### [Work request]
When you reach the line containing "In the woods" in the data below, reproduce it and every line that follows, exactly and without additions.

Collection entries
== Segment start ==

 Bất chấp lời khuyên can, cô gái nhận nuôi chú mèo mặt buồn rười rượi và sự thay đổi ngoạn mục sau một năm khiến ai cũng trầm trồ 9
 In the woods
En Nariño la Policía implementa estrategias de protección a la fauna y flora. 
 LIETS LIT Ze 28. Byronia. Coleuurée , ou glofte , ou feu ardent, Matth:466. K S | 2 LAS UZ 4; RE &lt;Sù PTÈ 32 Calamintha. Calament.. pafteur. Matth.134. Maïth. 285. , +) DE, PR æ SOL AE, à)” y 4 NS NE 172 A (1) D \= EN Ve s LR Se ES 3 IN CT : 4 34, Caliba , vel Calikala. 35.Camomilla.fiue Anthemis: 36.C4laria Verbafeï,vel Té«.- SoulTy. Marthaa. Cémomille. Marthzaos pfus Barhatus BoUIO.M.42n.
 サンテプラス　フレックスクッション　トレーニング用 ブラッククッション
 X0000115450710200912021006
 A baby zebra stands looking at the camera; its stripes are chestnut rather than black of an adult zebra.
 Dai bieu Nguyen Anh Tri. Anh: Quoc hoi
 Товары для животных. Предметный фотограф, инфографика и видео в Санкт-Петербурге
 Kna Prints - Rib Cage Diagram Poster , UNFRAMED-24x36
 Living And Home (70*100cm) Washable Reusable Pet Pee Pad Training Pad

== Segment end ==

### [Output below]
 In the woods
En Nariño la Policía implementa estrategias de protección a la fauna y flora. 
 LIETS LIT Ze 28. Byronia. Coleuurée , ou glofte , ou feu ardent, Matth:466. K S | 2 LAS UZ 4; RE &lt;Sù PTÈ 32 Calamintha. Calament.. pafteur. Matth.134. Maïth. 285. , +) DE, PR æ SOL AE, à)” y 4 NS NE 172 A (1) D \= EN Ve s LR Se ES 3 IN CT : 4 34, Caliba , vel Calikala. 35.Camomilla.fiue Anthemis: 36.C4laria Verbafeï,vel Té«.- SoulTy. Marthaa. Cémomille. Marthzaos pfus Barhatus BoUIO.M.42n.
 サンテプラス　フレックスクッション　トレーニング用 ブラッククッション
 X0000115450710200912021006
 A baby zebra stands looking at the camera; its stripes are chestnut rather than black of an adult zebra.
 Dai bieu Nguyen Anh Tri. Anh: Quoc hoi
 Товары для животных. Предметный фотограф, инфографика и видео в Санкт-Петербурге
 Kna Prints - Rib Cage Diagram Poster , UNFRAMED-24x36
 Living And Home (70*100cm) Washable Reusable Pet Pee Pad Training Pad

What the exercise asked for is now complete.